» **Exercise brief**
Return, with both end lines included, exactly what the data below holds from the line with "Hey everybody, Josh" through the line with "Then you will", though not the pictures.

» **Given records**
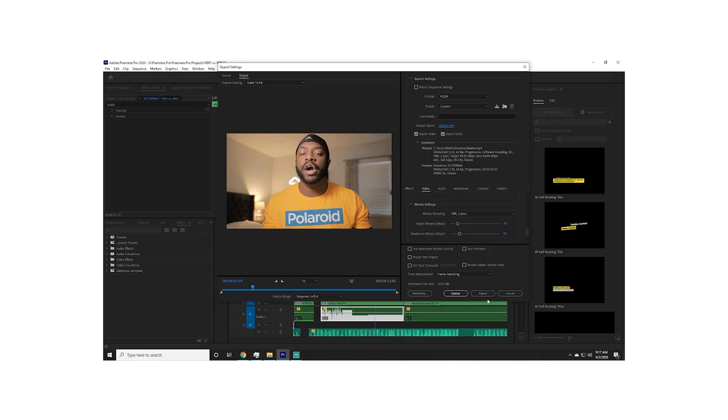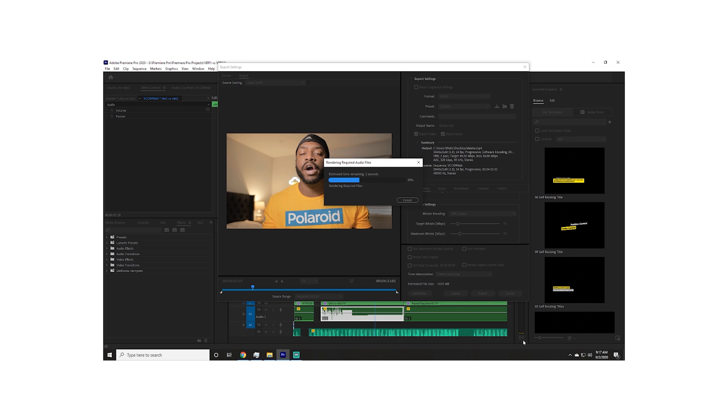So why twice, and what is exactly happening during that first pass? During the first pass, the program is looking at the footage, calculating, and saving that information in a log. Then during the second pass, it comes back and starts encoding the footage using the calculations saved in the log. That log file tells your software where in the video more bit rate is needed for encoding.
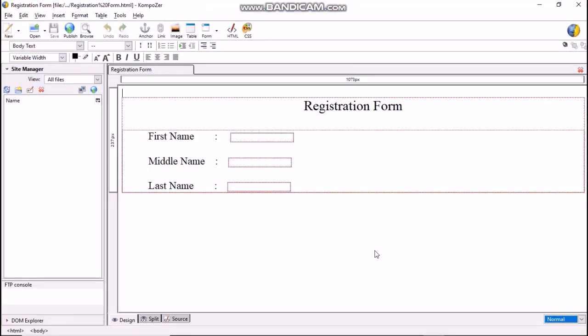In my next video, we will learn other field types like radio buttons, check box, text area, selection list and so on. Have a good day.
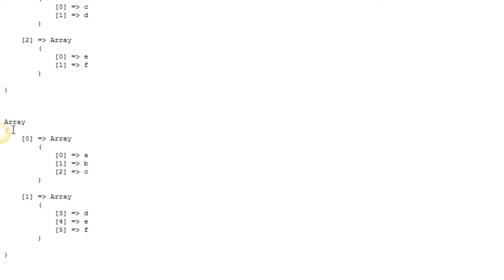So that's what the array chunk function allows you to do. You have certain scenarios where you may want to use this. And if you ever need to use it, now you know how. So that's the array chunk function. Hopefully you found that helpful. And I'll talk to you later.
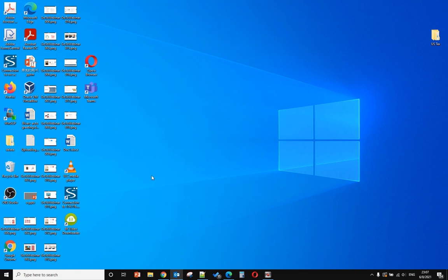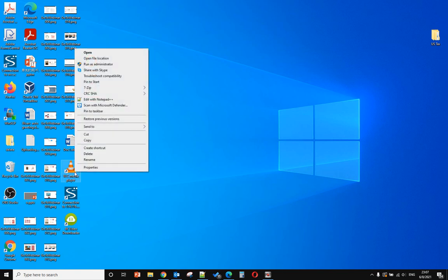Hello, in this video I will show you how to set up a program to run as administrator automatically. When you want to run VLC media player as administrator, normally you right-click and click run as administrator.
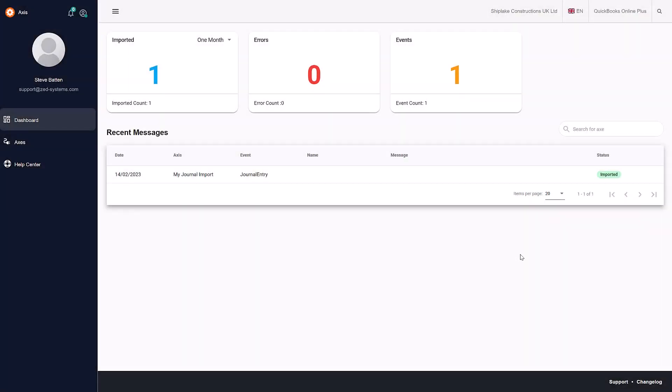In this demonstration, I'm going to show you how you can import a journal entry in batch from a text, Excel, or IIF file into QuickBooks Online using Access Online. I've logged into my Access Online account.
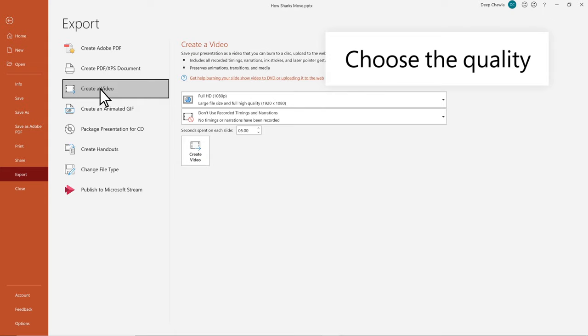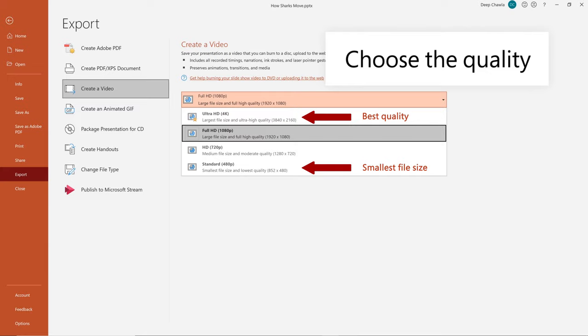Choose the quality. The better the quality, the larger the file size. Full HD is the best bet.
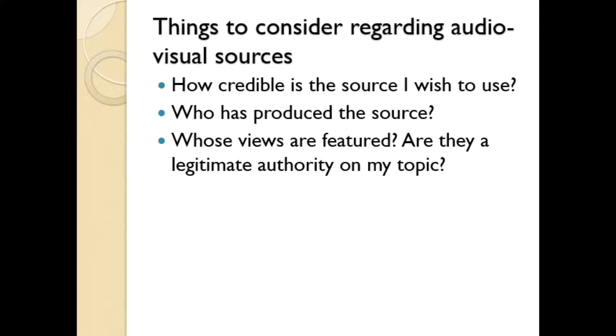It is of course acceptable to use audiovisual sources in your essays, however the process of referencing them is very different to more traditional secondary sources. There are other issues with audiovisual sources too.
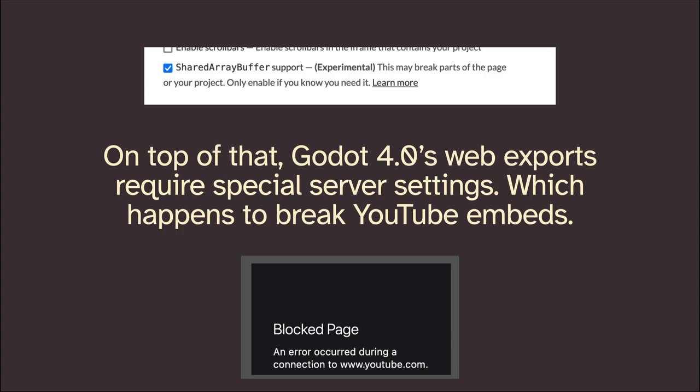On top of this, Godot 4.0 web exports require a special server setting called SharedArrayBuffer. You can enable this on itch.io, but then it breaks YouTube embeds. If you host your games on your own server you can set those headers, but on itch.io it shows a blocked page when you put in a YouTube embed. So on top of the weird browser vendor support, there are some other oddities and challenges there.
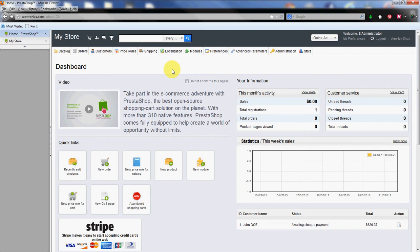Hello again, this is Scott with InMotion Hosting. In this video we're going to go over adding products to your PrestaShop store. First thing you're going to want to do is to log into the admin area. You can see I've already done that here.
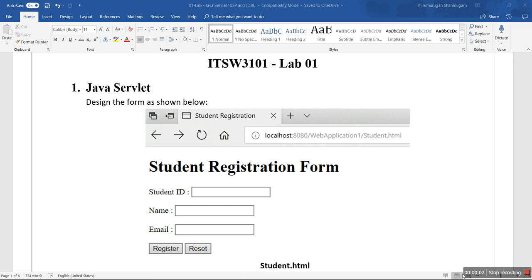Welcome to our Application Software Development ITSW3104 Lab 1. I am going to give the demo for Lab 1 Java Servlet.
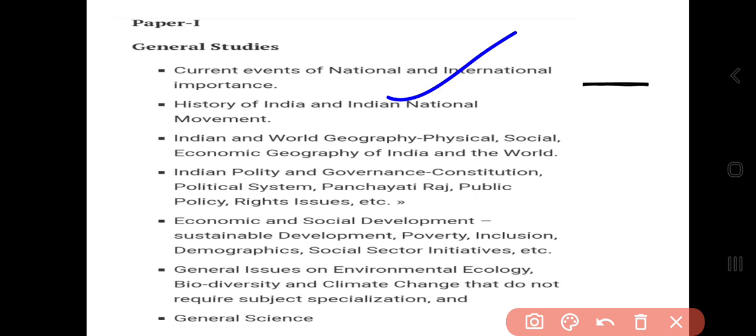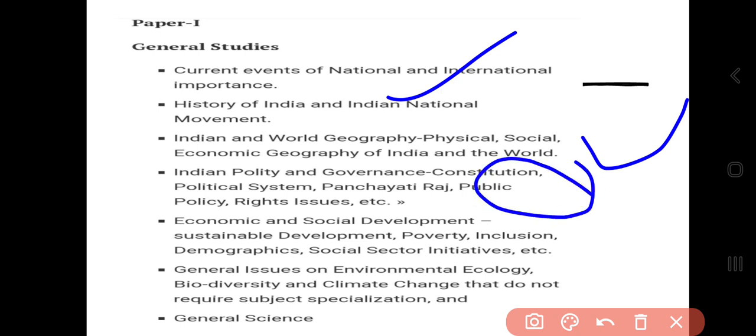The syllabus covers the history of India, including the national movement and modern history. It also includes India and world geography — physical, social, and economic. Indian politics and governance includes the constitutional framework, political party system, public policy, rights issues, and economics.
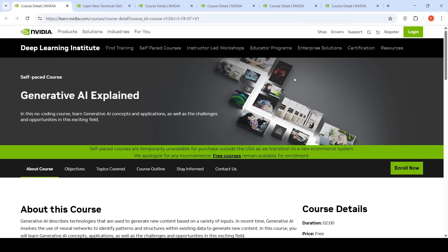In this video, let's look at a few free courses from NVIDIA for you to upskill in the space of generative AI and LLMs. The first course is Generative AI Explained, a no-coding course with a two-hour duration where you can learn about generative AI concepts, applications, as well as challenges and opportunities in this exciting field.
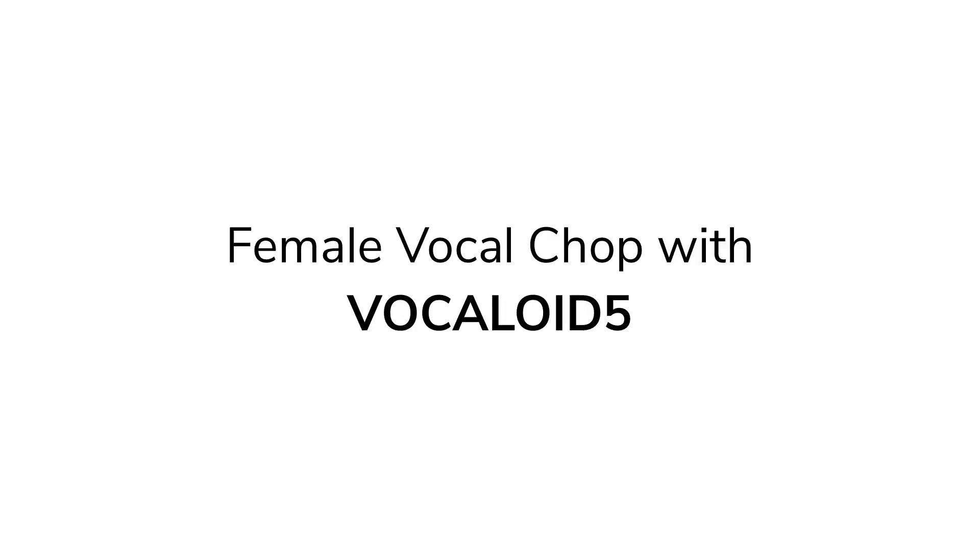Hey everybody, Josh Bess here. In this video, I will create a vocal chop effect using a female vocal voice with Vocaloid 5.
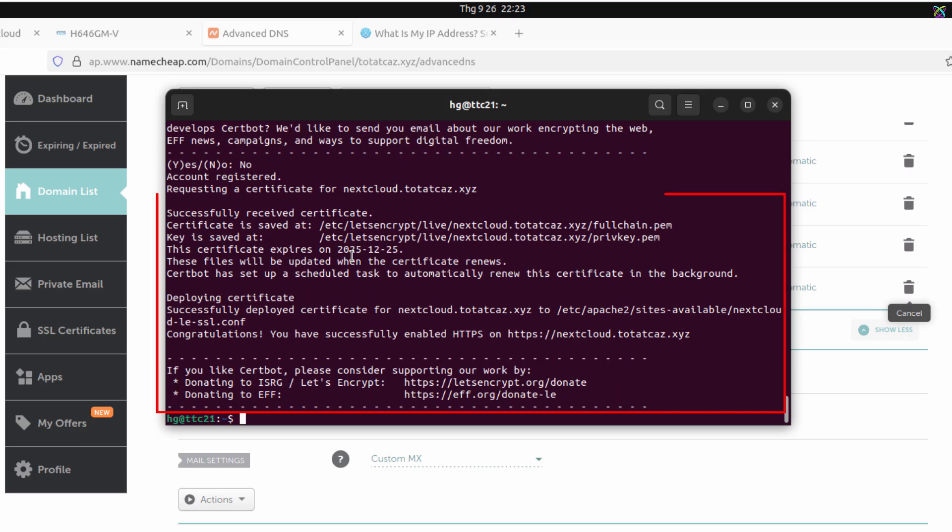If you see the message 'Congratulations! Your certificate and chain have been saved successfully,' congratulations! The SSL installation for Nextcloud was successful.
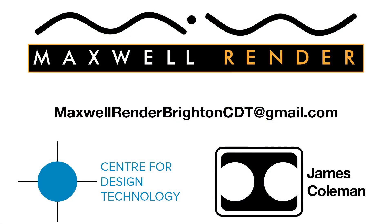For more information about support, consultation and mentoring in CAD and Maxwell Render at the University of Brighton Centre for Design Technology, email maxwellrenderbrightoncdt at gmail.com.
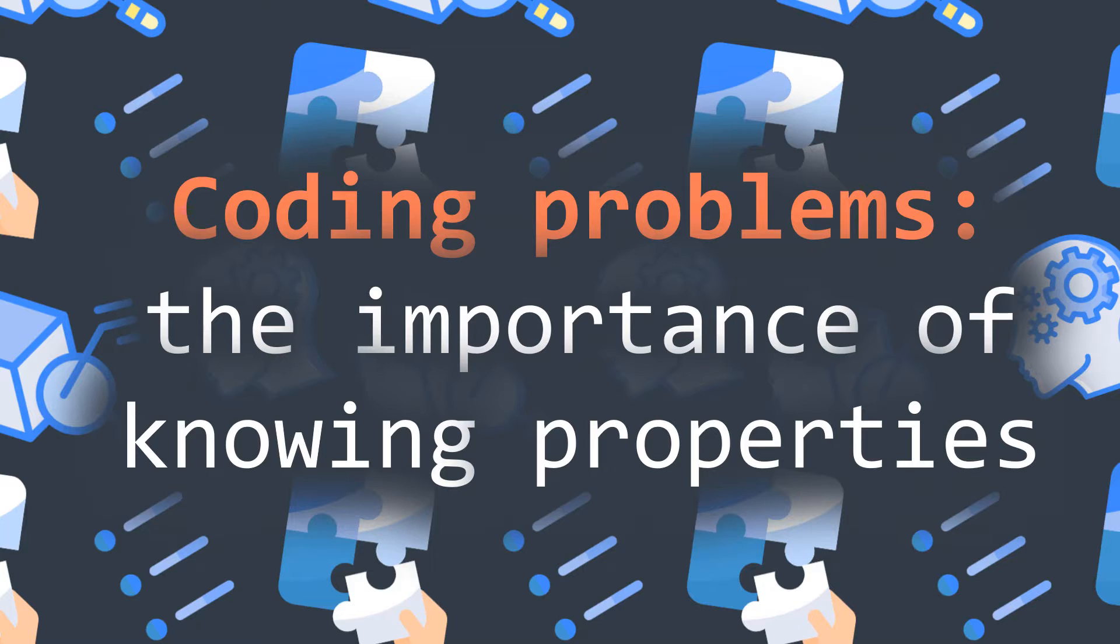Welcome to this new Inside Code video where we'll see the importance of knowing properties. What are properties? Properties are the things that characterize something.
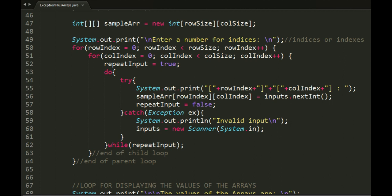We have also integrated this do-while-try-catch combo in getting the elements of the array. We just remove the condition if row or column size is greater than 1.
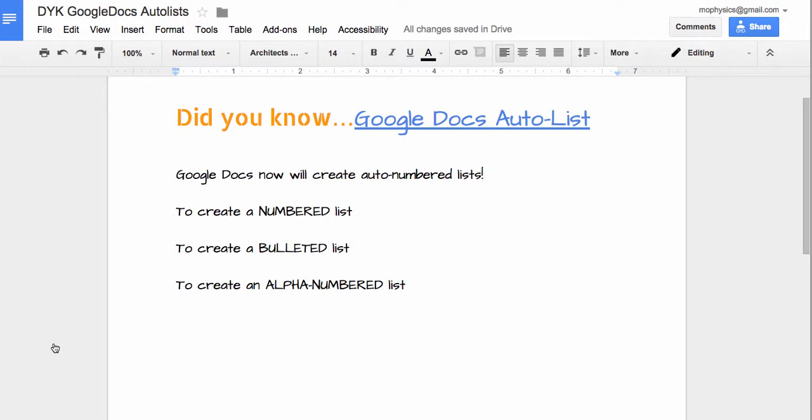Did you know Google Docs lets you create auto lists? Brand new feature, just want to show you how to do it.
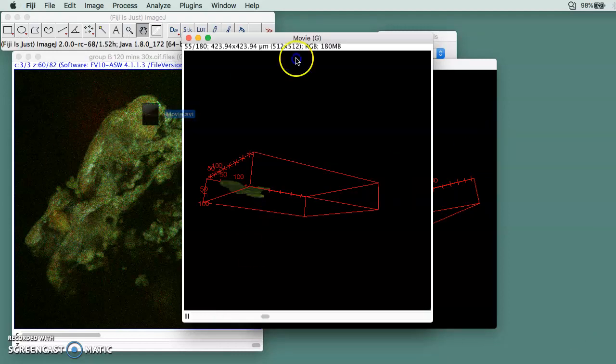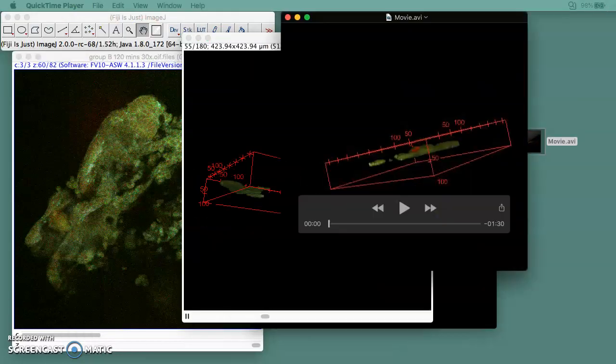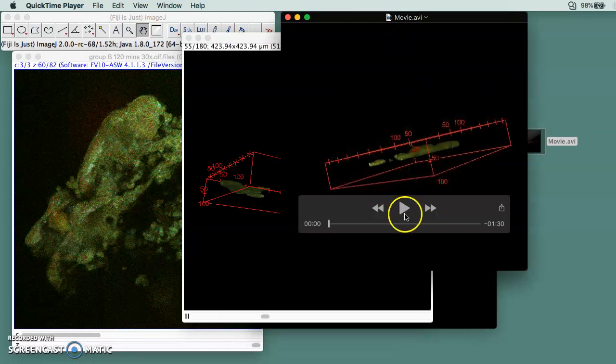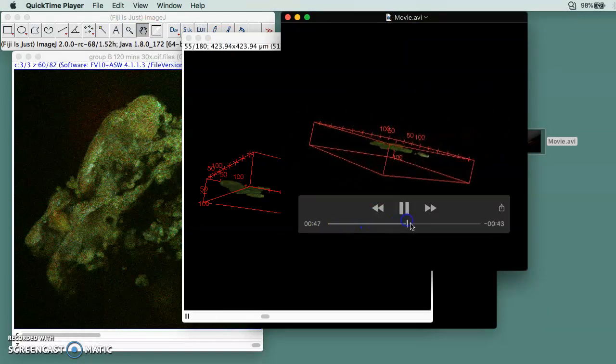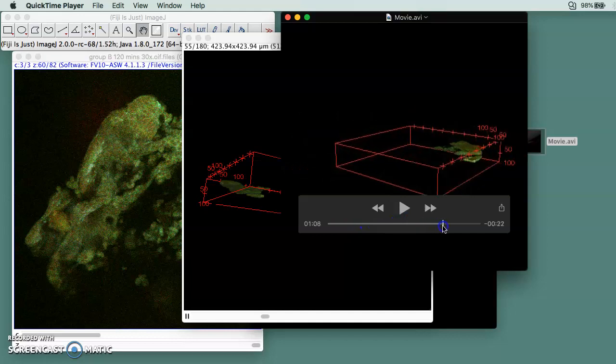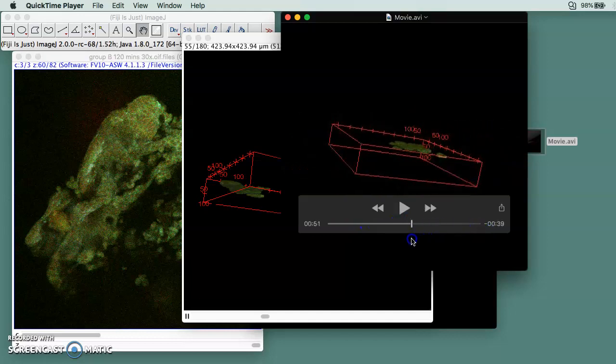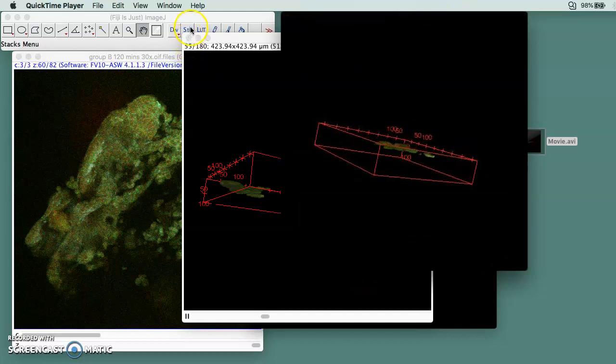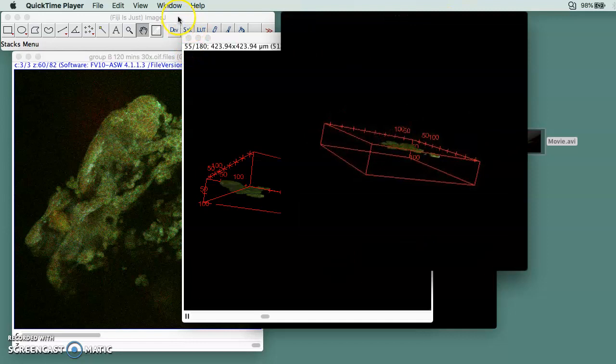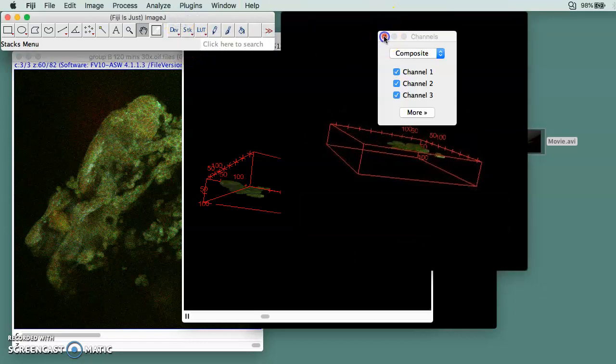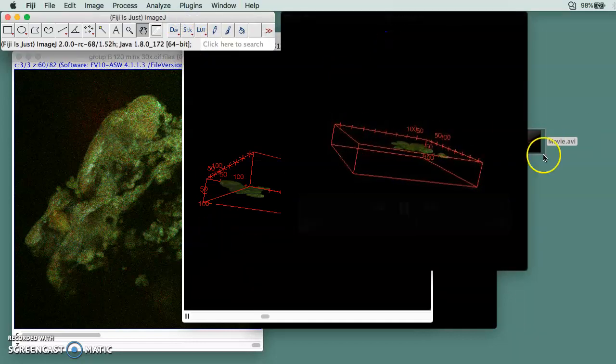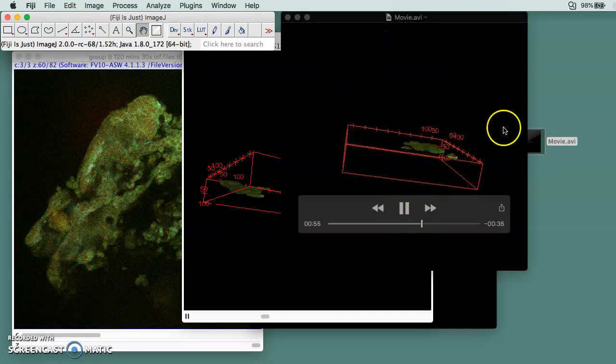Then you will have this movie. 7 frames per second is probably a little bit slow, but I think it's better than fast. So this is how you use Fiji to make a 3D image and make it into a video.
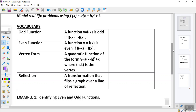An odd function: a function y equals f(x) is odd if f of negative x is equal to negative f of x. One thing I want to tell you about an odd function is this — it is symmetric around the origin. It's symmetric about the origin.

» **Response to this task**
Hey everybody, Josh Bess here. In this video, I will create a vocal chop effect using a female vocal voice with Vocaloid 5.
If you see the message 'Congratulations! Your certificate and chain have been saved successfully,' congratulations! The SSL installation for Nextcloud was successful.
For more information about support, consultation and mentoring in CAD and Maxwell Render at the University of Brighton Centre for Design Technology, email maxwellrenderbrightoncdt at gmail.com.
Welcome to this new Inside Code video where we'll see the importance of knowing properties. What are properties? Properties are the things that characterize something.
We have also integrated this do-while-try-catch combo in getting the elements of the array. We just remove the condition if row or column size is greater than 1.
Did you know Google Docs lets you create auto lists? Brand new feature, just want to show you how to do it.
Then you will have this movie. 7 frames per second is probably a little bit slow, but I think it's better than fast. So this is how you use Fiji to make a 3D image and make it into a video.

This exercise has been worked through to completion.